Almost everyone in and around California's state government knows something realized by only a few who are not directly involved:

It's not the two-thirds vote requirement that's been behind the budget delays and IOUs that have plagued this state. It's not even the huge ideological divide that sees Democrats defend labor union interests at every turn, while Republicans fight firmly against the tax increases craved by public employee union leaders driven to produce both job security and constant raises for their members.

Nope, the root cause of the problem has always been revenue and its unsteady flow. Revenue, as in tax dollars.

When revenue falls, state government cuts jobs and services, because rainy-day reserves have never been adequate and for sure the state can't stop paying interest on its bonds. The state also can't print money the way the federal government can when it runs short or wants to create an economic stimulus.

So there's got to be a way to even out the boom and bust cycle of tax revenues. Funds flowed at flood tide during the dot-com boom of the late 1990s, when stocks rose exponentially and investors who cashed out paid taxes on their enormous capital gains.

It was the same during the real estate bubble early in this decade, when homeowners by the tens of thousands "flipped" properties for profits in the 20 percent to 50 percent range after holding them two years or less.

Those capital gain taxes translated into expansion of the state and local government workforces, from police to fire protection to clerks at the local Department of Motor Vehicles office, teachers, nurses, prison guards, park rangers and sewage treatment workers.

The first of the modern spate of budget impasses in the Legislature came after the dot-com bust, when expected tax revenues didn't materialize and lawmakers fought over whether to raise sales and income taxes to make up for it, or just cut back.

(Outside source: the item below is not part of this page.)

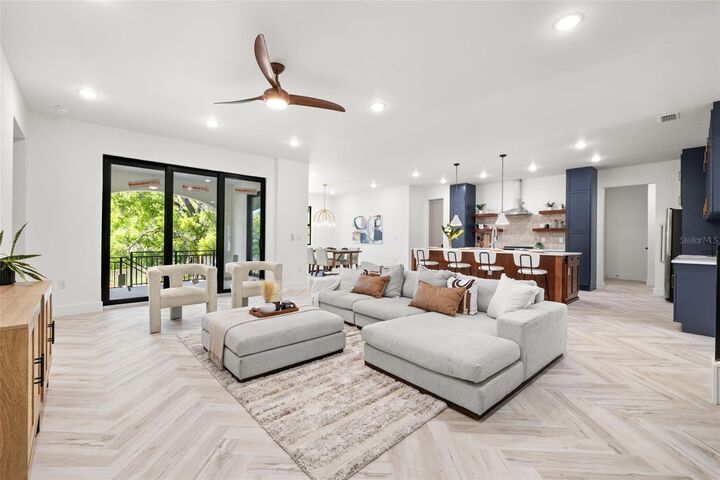 Property Photo:  1802 E Park Circle  FL 33610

The same battles were re-fought this summer, when tax intake fell about $60 billion short of levels predicted by supposedly reliable forecasters just 18 months ago.

It's a boom/bust cycle that must end and only a fundamental change in the tax system can do it. Something has to happen to end the huge fluctuations that have reflected ups and downs of the state economy for a century and a half, dating back to the Gold Rush era and extending up through aerospace booms and busts, the dot-cot phenomenon and a series of real estate bubbles and bursts.

But the state plainly will never stop taxing capital gains as a major class of income and it shouldn't.

Nor will the ballyhooed notion of legalizing and then taxing sales of the state's huge marijuana crop solve much. At best, this might bring in about $1.8 billion per year, less than one-thirtieth of the $60 billion shortfall of the last year. And even that $1.8 billion estimate is based on the shaky assumption that pot prices would stay the same if it's legalized. How likely is that unless there's some sort of cartel-like conspiracy to keep prices up?

So the real necessity appears to be creating a large reserve to draw from in times of true emergency. Doing this would take will power of a sort elected officials have rarely shown. For creating a large reserve -- $10 billion or more - can only be done while revenues flow smoothly and trend upward. But those are the very moments when Californians of all stripes usually figure the good times will roll on forever, causing them to spend freely.

Meanwhile, a flat tax, where every Californian pays the same percentage of his or her income regardless of how high that income is, will never fly in the Democratic-controlled Legislature, even though it's favored by some Republicans on Gov. Schwarzenegger's ballyhooed Commission on the 21st Century Economy, better known as the tax revision panel.

Nor is any significant amendment likely for Proposition 13, the 1978 ballot initiative that limits property taxes to 1 percent of their 1975 levels or 1 percent of the latest purchase price, with only small increases allowed from year to year.

But an update in how changes of property ownership were defined by the 1979 Legislature does make sense and might produce as much as $12 billion per year in new revenue by closing a massive current loophole without imposing any new taxes.

All of which means it will take a little courage, a lot of ingenuity and quite a bit of patience before conditions are right for starting to build a solid state reserve. Just because the so-called leaders who ran this state in the 1990s and early 2000s didn't exhibit those qualities is no reason why today's elected officials should not. The least they can do after inflicting panic and hardship on the state's populace for months is try to stabilize state finances so this summer's pathetic IOU-spattered scene is never repeated.